One of the tenants affected by the Trade Fair midnight demolition has voiced his utmost disappointment in the Board Chairman of the Ghana Trade Fair Company Limited (GTFC), Daniel McKorley, owner of McDan Group of Companies for his recent interview over the ‘illegal’ demolition of businesses sited at the Trade Fair site.
According to McKorley, the master plan of the supposed new Trade Fair will have Ghana pavilion where the businesses that got destroyed last Sunday including Raymond Archer’s namely Universal Labels & Packaging Co. Ltd, as well as Colour Planet Ltd, can ask for a space and it will be given to them.
“…Raymond can walk in today and ask for space within the plan, he’ll be given a space…So I don’t understand why there should be a fight,” McKorley told Accra based Joy FM.
When asked what role Mr Archer played in the redevelopment of Trade Fair, the board chairman answered that Mr Raymond Archer and his Colour Planet Ltd can continue their printing works within the Ghana pavilion.
But Raymond Archer in an interview with GhanaWeb indicated that, prior to the demolition of his business at the Trade Fair, he pleaded with the management as well as the board chair to be given an opportunity within the redevelopment of the Trade Fair in order to site his business.
None of his pleas to either the management or board was considered.
“If there was an opportunity to be part of the redevelopment why on earth are we in court…one of the reliefs I am seeking is that I should be accommodated within the plan because all pleas hit a roadblock. Now that the factory has been destroyed, I can now be accommodated within the plan….. sad’, Raymond Archer added.
Archer whose factory employs about 120 workers noted that Mr McKorley promised to meet with the CEO of Trade Fair to consider his plea, but never did.Analysis
It is really surprising the whole Trade Fair debacle and how it has been managed so far.
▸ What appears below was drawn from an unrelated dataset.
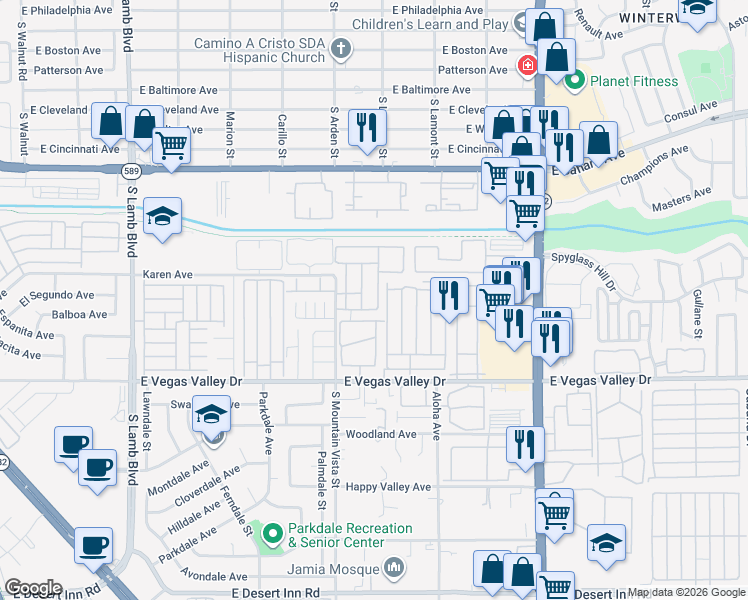 map of restaurants, bars, coffee shops, grocery stores, and more near 4647 Krissylouise Way in Las Vegas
A government who promised to build a factory in every district will then look on for a factory to be destroyed without taking into consideration how the owners/employees will survive?
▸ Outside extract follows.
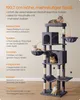 A multi-level cat tree with several cats on it, with descriptive text highlighting its features. Produktbild-Vorschau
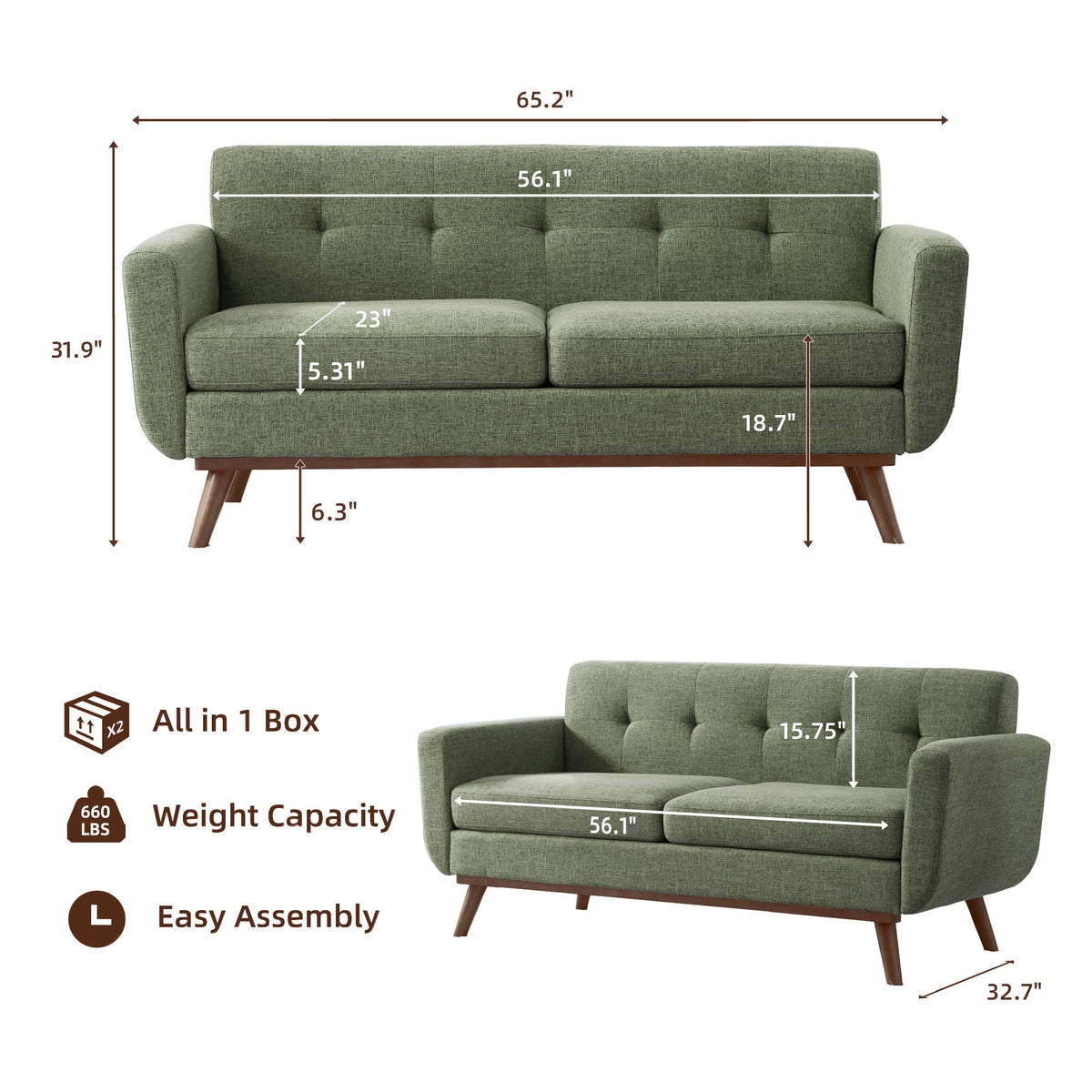 Kingfun 2 Piece Loveseat and Sofa Sets, Mid Century Modern Love Seat Couches for Living Room, Button Tufted Upholstered Furniture, Small Couch for Bedroom, Office, Beige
In 2020, Ghana as a country still demolishes factories at midnight when the owners are asleep without giving them the chance to even take their extension board from their factory?
Will the owner of McDan shipping, a private businessman, be talking like the way he did on Joy FM if his businesses were among the ones destroyed?
This is a country where most private businesses, as well as SMEs, borrow from the banks with huge interests to establish something, so how will they pay back the bank loans?
How long will a president who promised to create jobs sit and watch people he has appointed destroy businesses without doing anything to save it?
What would have happened if the government had saved the businesses of Raymond Archer and others at the Trade Fair?